## Work instructions:
What's needed is an exact copy of all the data below, without pictures.

(Caption-style text data)
★ ★ ★ ★ ★

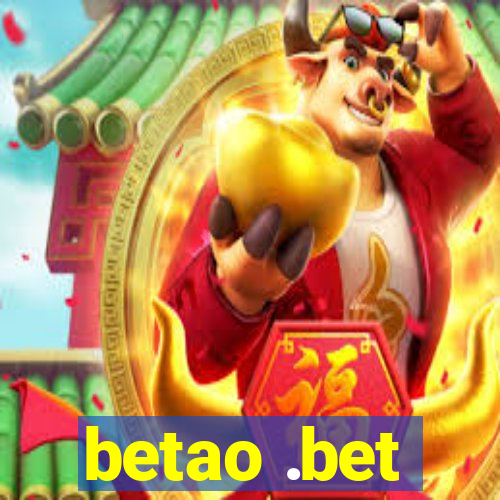 betao .bet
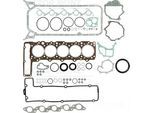 VICTOR REINZ Dichtungsvollsatz, Motor 012657006 für Mercedes
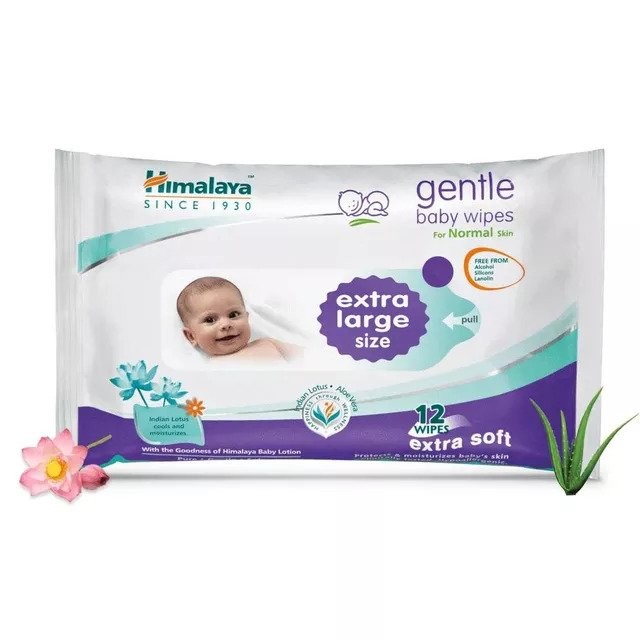 Wipes-12pcs-himalaya---v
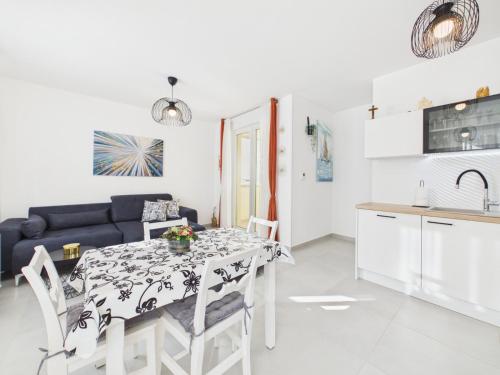 Apartman Duje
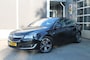 Opel Insignia 1.6 T INNOVATION CLIMA CAMERA LEER TREKHAAK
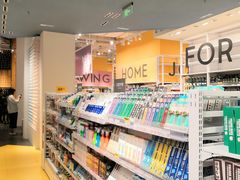 -KKV(东莞海德汇一城店)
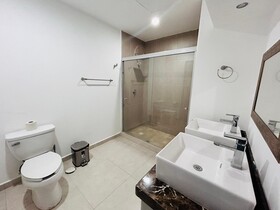 Hotel Tramonto Mazatlan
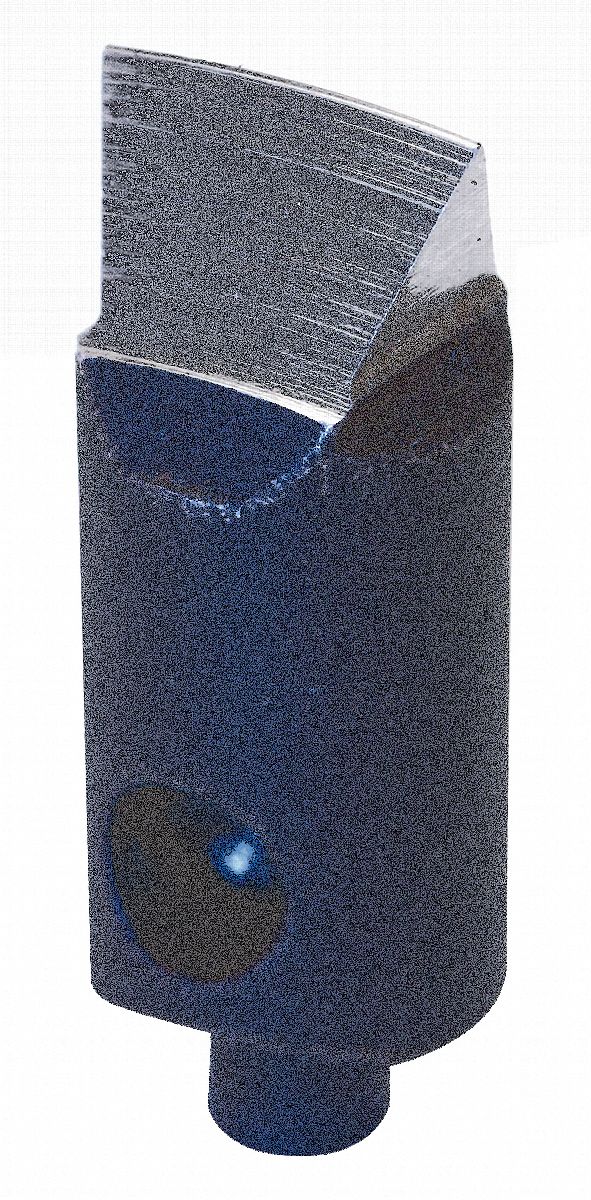 Replacement Blade For 6URP2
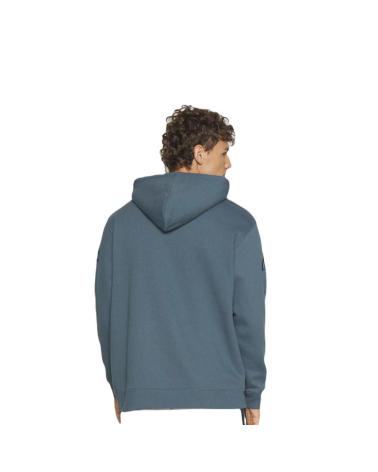 -ELLESSE-SUDADERA-MONTATO-OH-HOODIE-SXT19205-402-AZUL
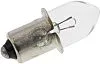 tourch lamp1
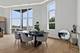 1656 N Bosworth Unit PH-4N, Chicago, IL 60642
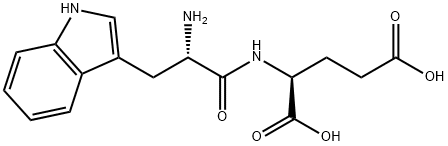 36099-95-3 structural image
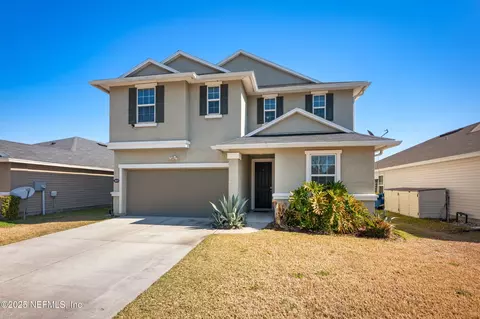 16019 Hutton Ln, Jacksonville, FL 32218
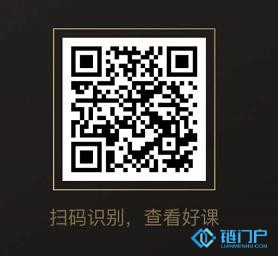 &#21315;&#20159;&#20307;&#32946;&#30331;&#24405;&#32593;&#31449;&#65288;&#20013;&#22269;&#65289;&#38598;&#22242;&#26377;&#38480;&#20844;&#21496;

★ ★ ★ ★ ★

## Result for this task:
 betao .bet
 VICTOR REINZ Dichtungsvollsatz, Motor 012657006 für Mercedes
 Wipes-12pcs-himalaya---v
 Apartman Duje
 Opel Insignia 1.6 T INNOVATION CLIMA CAMERA LEER TREKHAAK
 -KKV(东莞海德汇一城店)
 Hotel Tramonto Mazatlan
 Replacement Blade For 6URP2
 -ELLESSE-SUDADERA-MONTATO-OH-HOODIE-SXT19205-402-AZUL
 tourch lamp1
 1656 N Bosworth Unit PH-4N, Chicago, IL 60642
 36099-95-3 structural image
 16019 Hutton Ln, Jacksonville, FL 32218
 &#21315;&#20159;&#20307;&#32946;&#30331;&#24405;&#32593;&#31449;&#65288;&#20013;&#22269;&#65289;&#38598;&#22242;&#26377;&#38480;&#20844;&#21496;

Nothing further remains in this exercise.